Charles Baudelaire
[Writer, b. 1821, Paris, d. 1867, Paris.]

 A portrait! What could be more simple and more complex, more obvious and more profound? (1859) 

George Bernard Shaw
[Writer, critic, and dramatist, b. 1856, Dublin, d. 1950, Ayot St. Lawrence, Hertfordshire, England.]

 It is monstrous that custom should force us to display our faces ostentatiously, however worn and wrinkled and mean they may be, whilst carefully concealing all our other parts, however shapely and well preserved. 

Sally Mann
[Photographer, b. 1951, Lexington, Virginia, lives in Lexington.]

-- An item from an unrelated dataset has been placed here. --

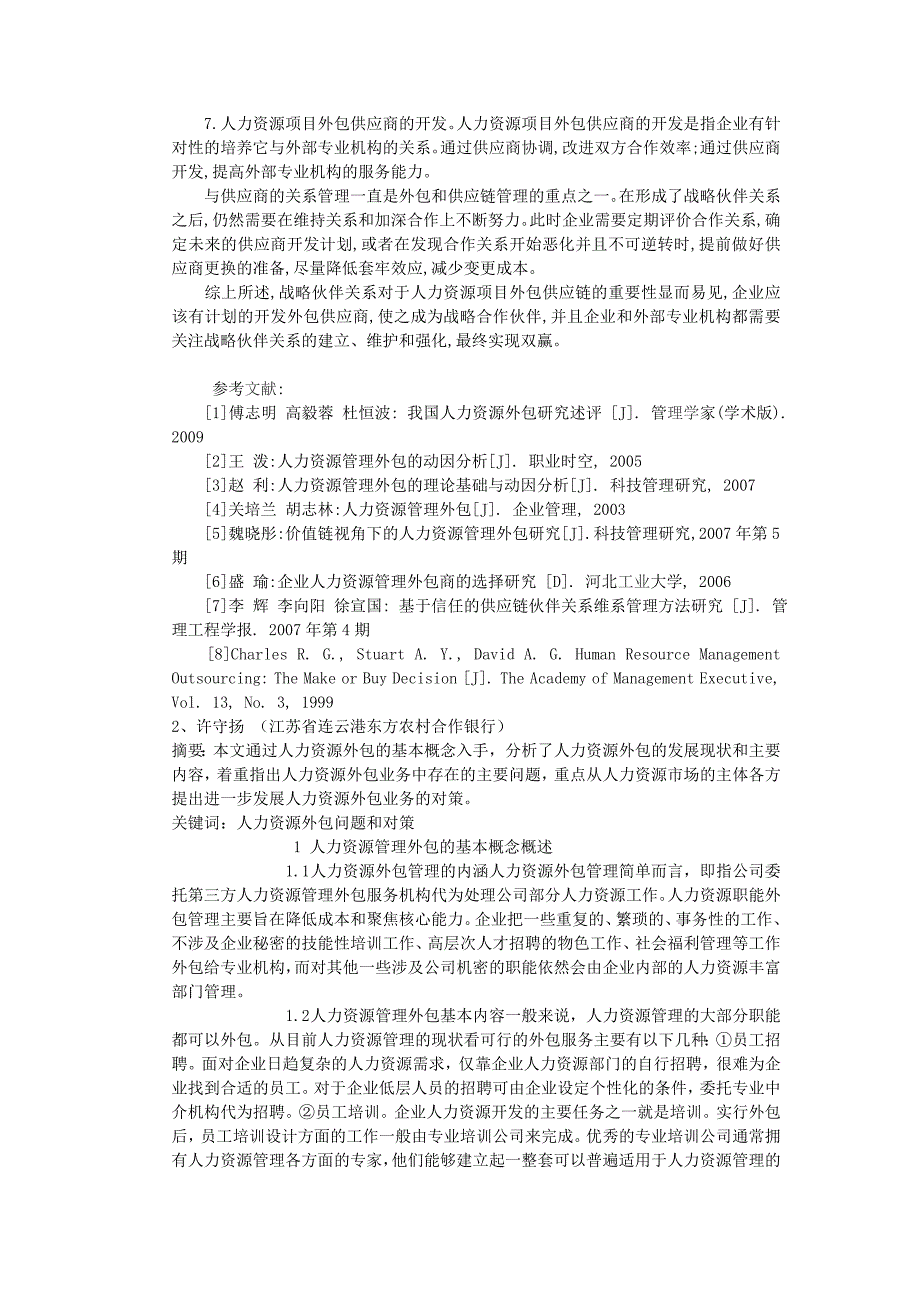 我国人力资源管理外包存在的问题及对策_第4页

 Exploitation lies at the root of every great portrait, and all of us know it. Even the simplest picture of another person is ethically complex. 

Siegfried Kracauer
[Media critic and sociologist, b. 1889, Frankfurt, Germany, d. 1966, New York.]

 The photograph annihilates the person. 

Sally Mann
[Photographer, b. 1951, Lexington, Virginia, lives in Lexington.]

 Every image is in some way a “portrait,” not in the way that it would reproduce the traits of a person, but in that it pulls and draws (this is the semantic and etymological sense of the word), in that it extracts something, an intimacy, a force. 

Robert Mapplethorpe
[Photographer, b. 1946, Floral Park, Long Island, d. 1989, Boston, Massachusetts.]

 When I’ve exhibited pictures... I’ve tried to juxtapose a flower, then a picture of a cock, then a portrait, so you could see they were the same. 

Walter Benjamin
[Philosopher, critic, and theorist, b. 1892, Berlin, d. 1940, Port Bou, France.]

 It is no accident that the portrait was the focal point of early photography. The cult of remembrance of loved ones, absent or dead, offers a last refuge for the cult value of the picture. For the last time the aura emanates from the early photographs in the fleeting expression of a human face. This is what constitutes their melancholy, incomparable beauty. 

Charis Wilson
[Model, b. 1914, San Francisco, d. 2009, Santa Cruz, California.]

 I knew I really didn’t look that good, and that Edward [Weston] had glorified me, but it was a very pleasant thing to be glorified and I couldn’t wait to go back for more.